Future Past


Howard was going mad, he was sure of it. Of late, each time he sought the solace of sleep, he awoke terrorized, drenched in sweat, trembling. These were no ordinary nightmares, he felt. Quite often, he was unable to allow himself to return to slumber, the visions frightened him so.

His wife offered little consolation.

“Try some warm milk, dear,” she would opine. He spared her the grisly details, lest she too become affected.

Subsequently, he occupied two hells, a waking one, and a dreaming one. The conscious, in which he was perpetually tired and cross, was still infinitely preferable to what lay beyond the wall of sleep.

En route to work each day, he found himself intensely annoyed by the presence of a multitude of filthy foreigners, and began to imagine a connection. Perhaps it was voodoo being practiced upon him. He had no proof, but this seemed most likely. Arcane black magic conducted by the never-ending stream of newcomers to his once proud neighborhood.

After weeks of distress, he sought out the opinion of a psychiatrist. In secret, of course. Psychiatry struck him as the white equivalent of voodoo, at some base level of thought. But it was here that he began to unburden himself. It was here that the madness touched his soul in full.

He saw a future world occupied by gigantic sentient beetles, civilization no longer extant. A desert madman enacting dark rituals. A breach in the fabric of time and space that resulted in a flood of indescribable creatures issuing forth to create a havoc heretofore unthinkable.

But most of all he saw... It. Chanting men in robes, undoubtedly foreigners, summoning a great beast from beyond the dimensions we can perceive. An entity so foul and alien, it was entirely without motivation as we understood it. To look upon it, to feel its thoughts radiating outward, a rapid blast of unknowable symbols, was to lose your humanity. The creature didn't feel hate toward us, or even contempt. It simply destroyed without emotion, as though its very nature was death.

And it had a name. Cthulu.

This is what frightened Howard the most, lending it the air of truth. Never a creative man, he felt it impossible that such in-depth realism could be the creation of his own tired mind. He might ascribe it to the very powers of Hell themselves, except this alternate reality seemed to dwarf Christian Hell in terms of horror. In fact, it made the very idea seem comforting.

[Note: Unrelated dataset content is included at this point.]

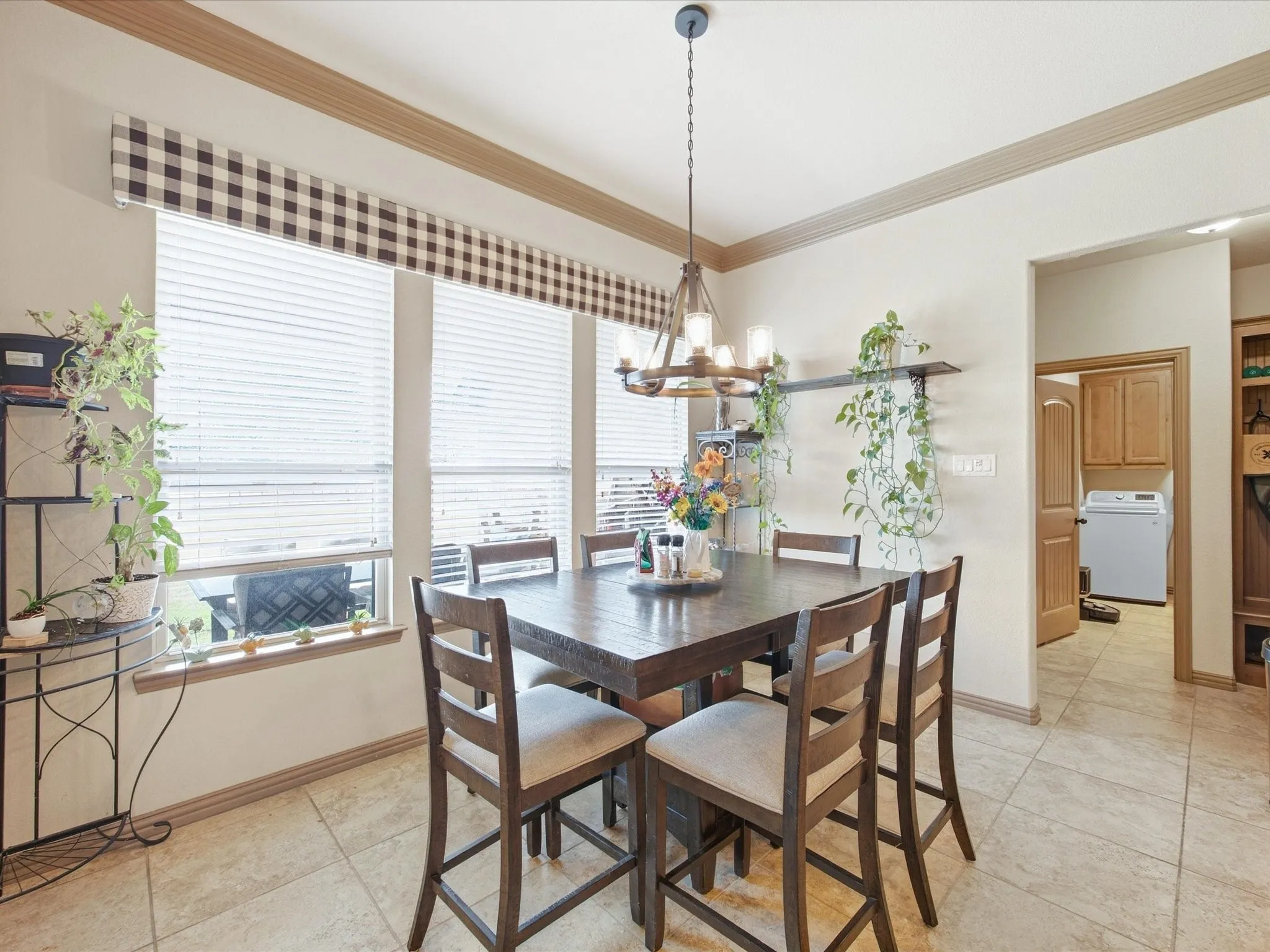 Tile flooring throughout, natural light from multiple windows, crown molding, and a visible utility space with built-in cabinetry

He longed to die and vanquish his suffering. To end it all before his visions of the future began to come true, as he surely knew they would.

Putting these things into words for the doctor did, in some small way, comfort him. They made his somewhat abstract thoughts concrete, thus painting them with the brush of reality. He realized that he was, to his relief, not going mad, as such. In fact, he felt he was to be commended for dealing with the enormity of the situation as well as he had. Lesser men would have crumbled, collapsed, begging for the safety of the asylum.

The uncomprehending doctor of the mind prescribed him an opiate sedative.

“No dreams with this stuff, no sir. You'll sleep the sleep of the dead.”

If only he could trust death to be without dreams.

Howard walked home, deaf to his wife's inquiries, and sat at his desk, putting pencil to paper for the first time in response to his situation, and began to write.